A startup with one database needs people who understand Postgres. That’s a smaller requirement, easier to hire for, and produces a team that can cover for each other.
As you scale, the calculus changes — large organizations can afford deep specialization. But the “move fast” phase of a startup is exactly when you should resist the urge to build a complex data infrastructure. The complexity you introduce early becomes the technical debt you manage forever.
The Knowledge Half-Life Problem
Technology knowledge has a half-life. The Redis you learned in 2018 is not quite the same as the Redis you need to operate in 2024. The Elasticsearch you understood in 2020 has changed substantially. MongoDB Atlas has different operational characteristics than self-hosted MongoDB.
As the databases in your stack change, the knowledge of how to operate them depreciates. Your team’s operational expertise becomes stale, and the gaps become risks.

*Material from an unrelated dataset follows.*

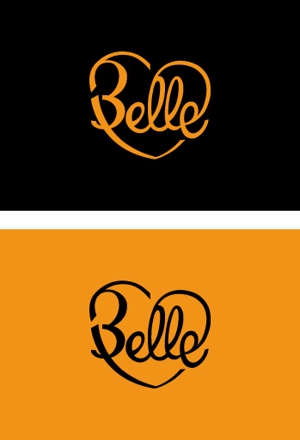 uhagiさんのカラーコンタクト「Belle」のロゴ作成への提案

Postgres’s architecture is remarkably stable. The concepts you learn today — MVCC, WAL, VACUUM, the query planner, the extension system — will be relevant in ten years. The investment in Postgres expertise has a longer half-life than most. That makes it more valuable per hour of learning invested.
What Operational Simplicity Actually Looks Like
Here is what a team running Postgres-only actually experiences differently:
Incident response: An alert fires. The on-call engineer opens pg_stat_activity, pg_stat_statements, and the Grafana dashboard. All the relevant data is in one place. The mental model they need is one they’ve built over time.
Onboarding: A new engineer joins. You point them to the database. They can run \dt and see everything. The schema is visible and queryable. There’s no “but the search index is over here and the job queue is over here” orientation session.
Capacity planning: You need to know if you can handle twice the traffic. You look at query times, index sizes, and cache hit rates — all in one system. You can project with reasonable confidence.
Disaster recovery: Something goes catastrophically wrong. You restore from backup. One backup, one restore procedure, one system to verify. You’ve tested it. You’re confident.
Debugging a production bug: A record is in an unexpected state. You can query the audit log, the job history, and the data — all with SQL, all in one transaction boundary, with consistent timestamps and IDs.
When the Simplicity Argument Breaks Down
Operational simplicity is compelling, but it’s not infinite. There’s a scale at which the “one database” model genuinely creates problems:
- When your database is so large that read replicas can’t keep up with reporting queries and you need a data warehouse
- When your write throughput exceeds what a single Postgres instance can handle
- When your team is large enough that multiple teams need isolation from each other’s schemas
- When you have regulatory requirements that mandate different storage for different data types
These thresholds are real, but they’re typically reached at a scale larger than most teams realize. The team that adds a data warehouse when they have 10 million rows is over-engineering. The team that adds Redis for rate limiting before profiling whether Postgres can handle it is over-engineering.
The principle is: default to operational simplicity, add complexity only when the evidence demands it, and be honest about what the evidence actually says.
The Compounding Effect
The benefits of operational simplicity compound. The engineer who avoids three database-specific rabbit holes in their first year spends that time building product. The team that doesn’t debug a Kafka consumer lag incident doesn’t get paged at 2am. The startup that ships with one database has a simpler stack to migrate when requirements change.
These are not dramatic wins in any individual moment. They’re small, consistent advantages that accumulate into a significant competitive edge over time. Operational simplicity is not glamorous, but it is one of the most durable engineering advantages a team can have.
Postgres is enough. The operability dividend is a large part of why.